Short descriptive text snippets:
────────

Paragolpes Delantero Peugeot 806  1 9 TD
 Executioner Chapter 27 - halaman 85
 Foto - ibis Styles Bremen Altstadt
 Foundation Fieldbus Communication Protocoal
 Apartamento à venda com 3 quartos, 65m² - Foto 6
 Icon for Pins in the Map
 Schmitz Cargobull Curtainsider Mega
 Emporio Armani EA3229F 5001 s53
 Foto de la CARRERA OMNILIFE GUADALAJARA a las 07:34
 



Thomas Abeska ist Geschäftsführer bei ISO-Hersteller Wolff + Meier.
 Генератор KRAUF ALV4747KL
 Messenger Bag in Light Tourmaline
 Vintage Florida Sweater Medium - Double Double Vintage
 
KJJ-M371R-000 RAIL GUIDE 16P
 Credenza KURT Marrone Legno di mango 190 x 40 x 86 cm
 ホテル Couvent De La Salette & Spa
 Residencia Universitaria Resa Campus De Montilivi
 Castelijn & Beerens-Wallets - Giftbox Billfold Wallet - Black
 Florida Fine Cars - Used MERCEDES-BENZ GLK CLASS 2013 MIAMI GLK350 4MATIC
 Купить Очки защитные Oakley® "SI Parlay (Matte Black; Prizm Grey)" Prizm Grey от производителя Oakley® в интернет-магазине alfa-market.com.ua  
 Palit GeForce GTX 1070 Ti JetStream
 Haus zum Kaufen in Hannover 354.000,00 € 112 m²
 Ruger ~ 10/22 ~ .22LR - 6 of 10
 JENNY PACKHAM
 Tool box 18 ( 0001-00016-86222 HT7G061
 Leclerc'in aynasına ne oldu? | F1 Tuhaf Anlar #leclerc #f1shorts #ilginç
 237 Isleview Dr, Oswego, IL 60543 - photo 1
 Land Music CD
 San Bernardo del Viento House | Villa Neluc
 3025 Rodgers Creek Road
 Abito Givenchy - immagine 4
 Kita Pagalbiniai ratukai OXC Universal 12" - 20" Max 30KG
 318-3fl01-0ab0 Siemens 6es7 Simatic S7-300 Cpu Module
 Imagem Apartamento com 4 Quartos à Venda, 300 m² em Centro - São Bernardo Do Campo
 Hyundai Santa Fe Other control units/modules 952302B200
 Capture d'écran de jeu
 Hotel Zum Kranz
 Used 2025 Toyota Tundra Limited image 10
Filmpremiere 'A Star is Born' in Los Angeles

────────

Work task: The requested lines run from the one with "318-3fl01-0ab0 Siemens 6es7" through the last line of the records. Return them exactly.

Task solution:
 318-3fl01-0ab0 Siemens 6es7 Simatic S7-300 Cpu Module
 Imagem Apartamento com 4 Quartos à Venda, 300 m² em Centro - São Bernardo Do Campo
 Hyundai Santa Fe Other control units/modules 952302B200
 Capture d'écran de jeu
 Hotel Zum Kranz
 Used 2025 Toyota Tundra Limited image 10
Filmpremiere 'A Star is Born' in Los Angeles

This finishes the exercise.